Sismografie di quartiere is an environmental installation that brings together matter, memory, and transformation. A dense and layered work, crossed by tensions and contradictions, it does not offer answers but opens questions.
The project originates from an archival photograph held at the Museo del Novecento in Bergamo, documenting the demolition of the Zopfi factory in the 1970s. That event marked a profound rupture in the history of the neighborhood: more than a physical transformation, it was the loss of a system of relationships, identities, and collective life. The image of the rubble thus becomes a threshold through which to reflect on imposed transformations and their consequences over time.

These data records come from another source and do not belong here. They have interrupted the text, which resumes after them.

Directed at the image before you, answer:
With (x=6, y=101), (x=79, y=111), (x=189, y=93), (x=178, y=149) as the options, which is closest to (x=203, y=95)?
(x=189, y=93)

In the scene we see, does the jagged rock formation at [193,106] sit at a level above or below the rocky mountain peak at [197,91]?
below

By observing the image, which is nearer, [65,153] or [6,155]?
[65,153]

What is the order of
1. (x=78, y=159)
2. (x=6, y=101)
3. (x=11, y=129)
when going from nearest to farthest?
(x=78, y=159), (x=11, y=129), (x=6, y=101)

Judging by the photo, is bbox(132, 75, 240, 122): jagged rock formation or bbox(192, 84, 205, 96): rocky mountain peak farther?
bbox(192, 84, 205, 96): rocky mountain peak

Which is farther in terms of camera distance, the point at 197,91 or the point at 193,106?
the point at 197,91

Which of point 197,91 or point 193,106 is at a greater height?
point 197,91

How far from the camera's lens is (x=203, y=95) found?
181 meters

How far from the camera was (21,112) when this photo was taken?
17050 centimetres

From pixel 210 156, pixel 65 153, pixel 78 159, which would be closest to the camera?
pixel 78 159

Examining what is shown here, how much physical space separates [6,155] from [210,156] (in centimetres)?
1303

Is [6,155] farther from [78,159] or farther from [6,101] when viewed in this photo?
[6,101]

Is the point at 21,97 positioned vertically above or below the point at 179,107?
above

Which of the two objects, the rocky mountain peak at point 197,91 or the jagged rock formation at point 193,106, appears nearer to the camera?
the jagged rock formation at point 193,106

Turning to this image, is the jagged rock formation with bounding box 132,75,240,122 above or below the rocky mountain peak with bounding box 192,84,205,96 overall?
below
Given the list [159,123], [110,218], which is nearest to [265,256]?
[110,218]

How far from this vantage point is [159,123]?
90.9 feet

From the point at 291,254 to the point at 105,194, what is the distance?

The installation consists of a mound of rubble from which ruderal plants grow. The pile takes the form of an unstable organism - a field of opposing forces where inert matter and life coexist in constant tension. The rubble stands as a sign of a trauma that continues to resonate. The work eschews the rhetoric of renewal, maintaining an intentional ambiguity between regeneration, adaptation, and the persistence of trauma.
A sound element accompanies the work as a perceptual and relational device. Sound neither describes nor guides; instead, it activates a state of listening. Through headphones protruding directly from the mound, listening becomes intimate and focused, akin to an auscultation - as if the viewer were invited to perceive the irregular heartbeat of this organism. The sound does not narrate; it suggests a body reacting and attempting to inhabit a compromised environment.
In Sismografie di quartiere, time is non-linear. Past, present, and future overlap, blurring the landscape's temporal position: what appears may be a resurfacing memory, a wound manifesting in the present, or a post-human image where life seeks new forms of equilibrium.
The reference to the Bergamo neighborhood is the catalyst for a broader movement. Like a seismic shock, the initial trauma propagates outward, opening onto universal questions: the relationship between urban transformation and social fractures, between memory and erasure, between destruction and possibility. The work does not offer solutions but poses questions, leaving the viewer to navigate a landscape in constant vibration.